The LZ 127 Graf Zeppelin was one of the most majestic airships ever to appear in the skies above Maribor. This airship, which was the largest in the world at the time, flew over Maribor on July 12, 1931, on its way from Friedrichshafen to Vienna. The arrival of the Zeppelin was a sensation of the day, and people rushed out of their homes to see the air giant. The Zeppelin then headed northeast from Maribor towards Radgona.

The Zeppelin was a rigid airship, its main feature being a metal-covered rigid metal frame, composed of cross rings and longitudinal carriers, which contained numerous individual gas bags.

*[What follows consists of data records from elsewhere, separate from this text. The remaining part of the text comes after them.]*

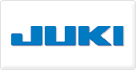  JUKI（ロックミシンオプション品）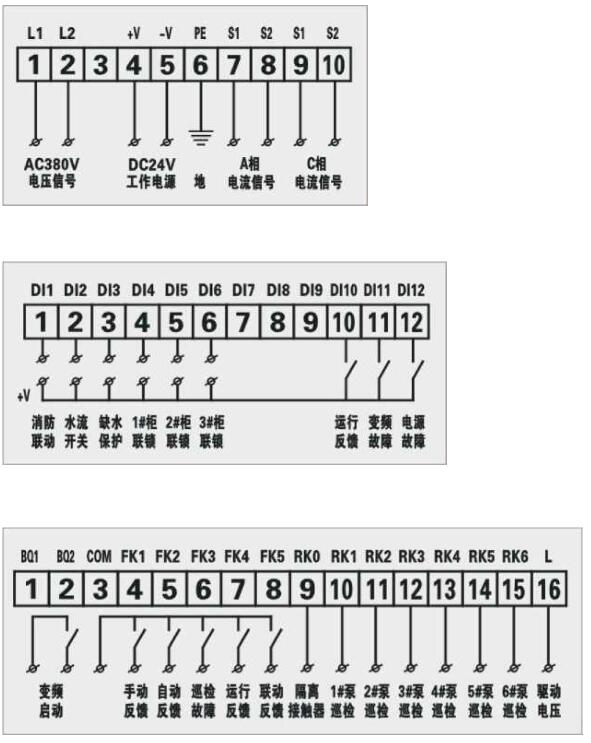 1596270827645432.jpg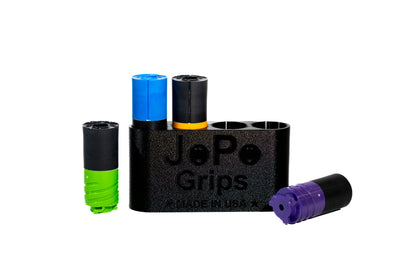 JoPo Grips Dock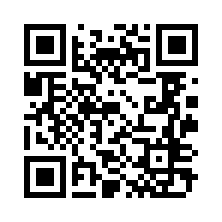 QR Code for 1hiwEjw87ACWE9G2yfkPgfCk5efVRhfyn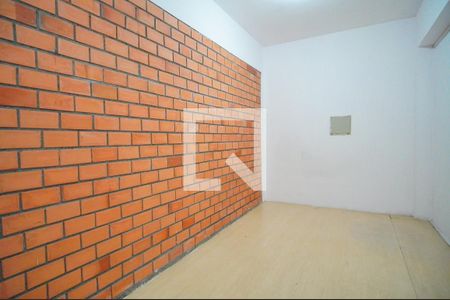 Quarto 2 de apartamento para alugar com 1 quarto, 70m² em Centro, Sapucaia do Sul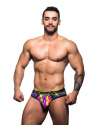 Jockstrap Andrew Christian Massive Flash City Arch,600073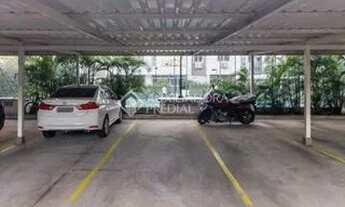 Imagem 3: Apartamento à venda Rua Jari, Passo da Areia - Porto Alegre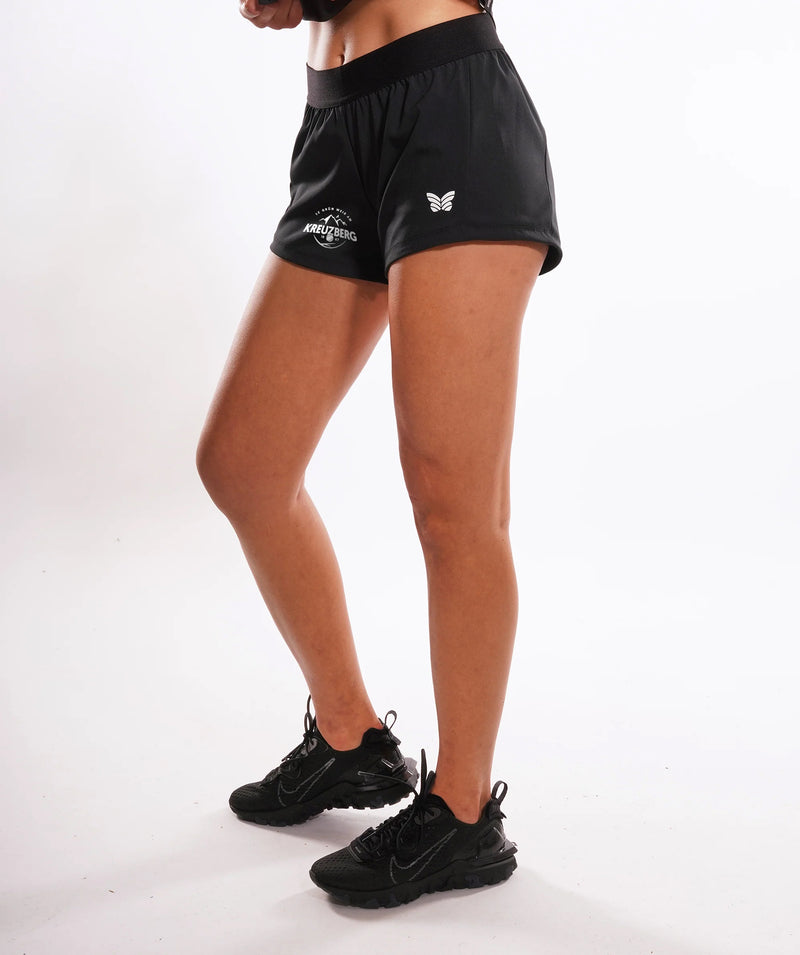 TC GW Am Kreuzberg Team Shorts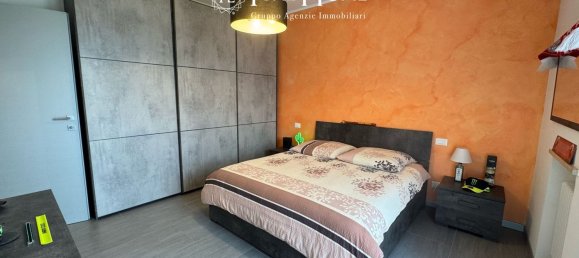 3غرفة شقة في Castel d'Azzano, Italy رقم 310645 4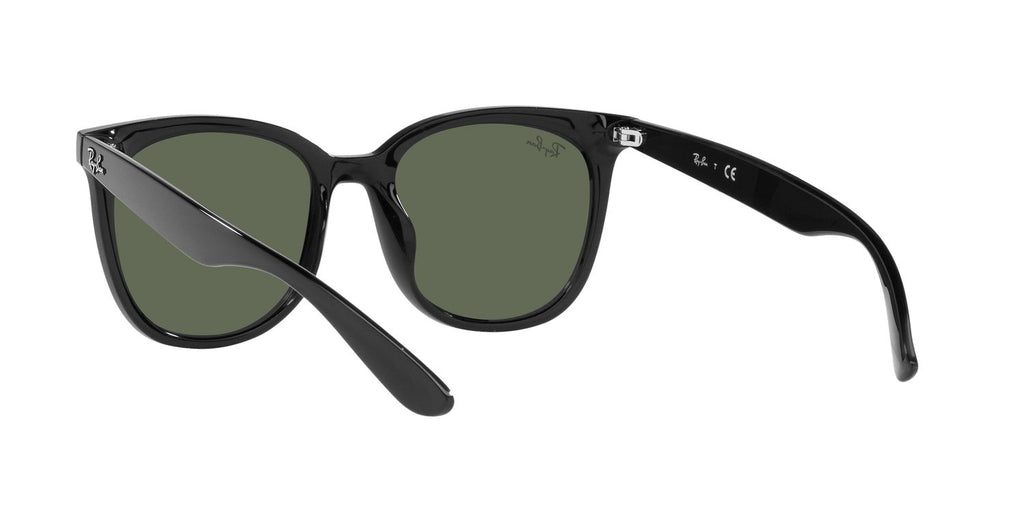Ray-Ban | 0RB4379D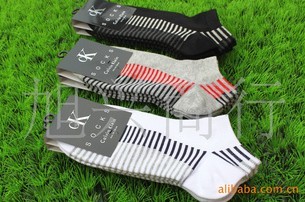 ��Ӧ���� ����CK ����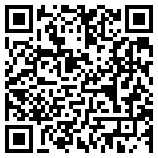 QR Code for Ja Mar Enterprises in Wesson, MS 39191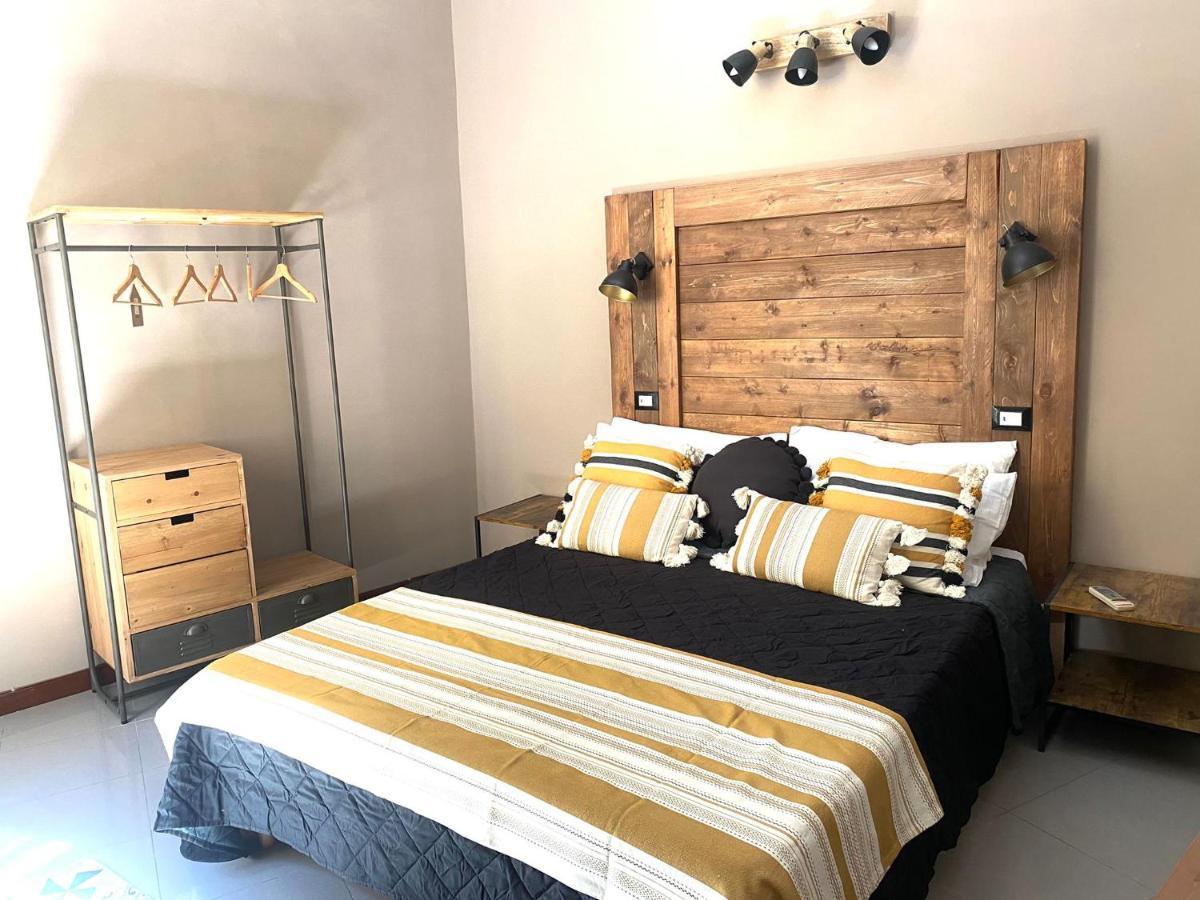 Two-room Larocca-trastevere Apartamento Roma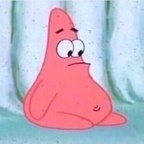 xane (@xaneworld) Leak OnlyFans 

 profile picture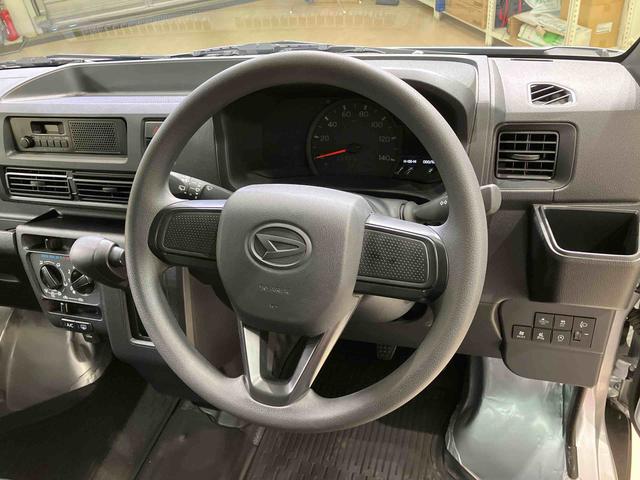 ハイゼットカーゴＤＸ（北海道）の中古車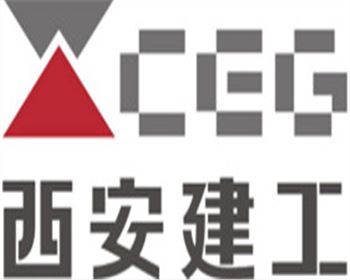 折(she)彎機-建工集(ji)團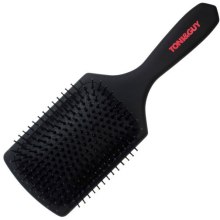 Духи, Парфюмерия, косметика Щетка массажная - Toni&Guy Paddle Brush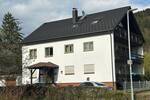 Etagenwohnung Stegen - Eschbach Eschbach - 5 Zimmer, 127 m&sup2;, 448.000&euro; | Angebot:26017962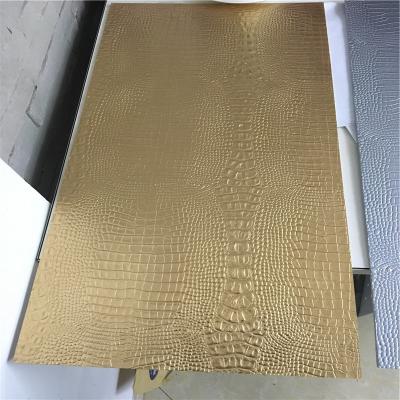 China Exterior Wall Flex Facing Ceramic Tiles for House Decoration for sale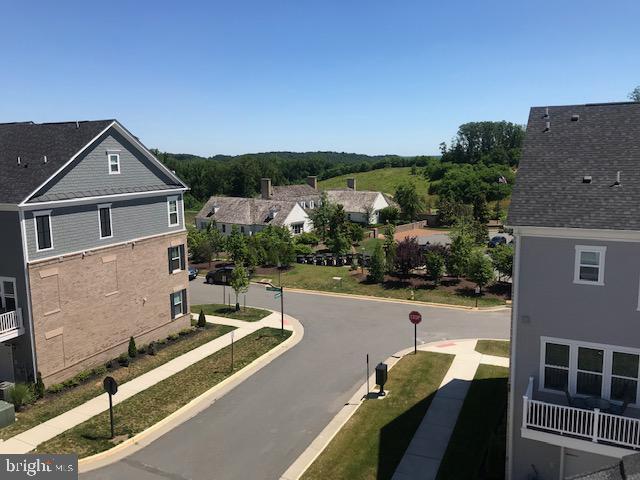 Building Photo - 17351 Redshank Rd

The first Zeppelins had long cylindrical hulls with conical ends and complex multi-fin tails.

The inventor of the airships was Count Ferdinand Adolf August Heinrich von Zeppelin, a German inventor and aircraft manufacturer, born on July 8, 1838, in Konstanz near Lake Constance, and died in Germany on March 8, 1917. Zeppelin was the founder of the company Luftschiffbau Zeppelin and the inventor of the Zeppelin named after him.

The first Zeppelin flew in 1900 and was called LZ1. Of the last two large airships, LZ 127 Graf Zeppelin and LZ 129 Hindenburg, the Hindenburg caught fire and burned down just before landing in Lakehurst (New Jersey) after a passenger flight across the Atlantic in 1937, killing 35 passengers.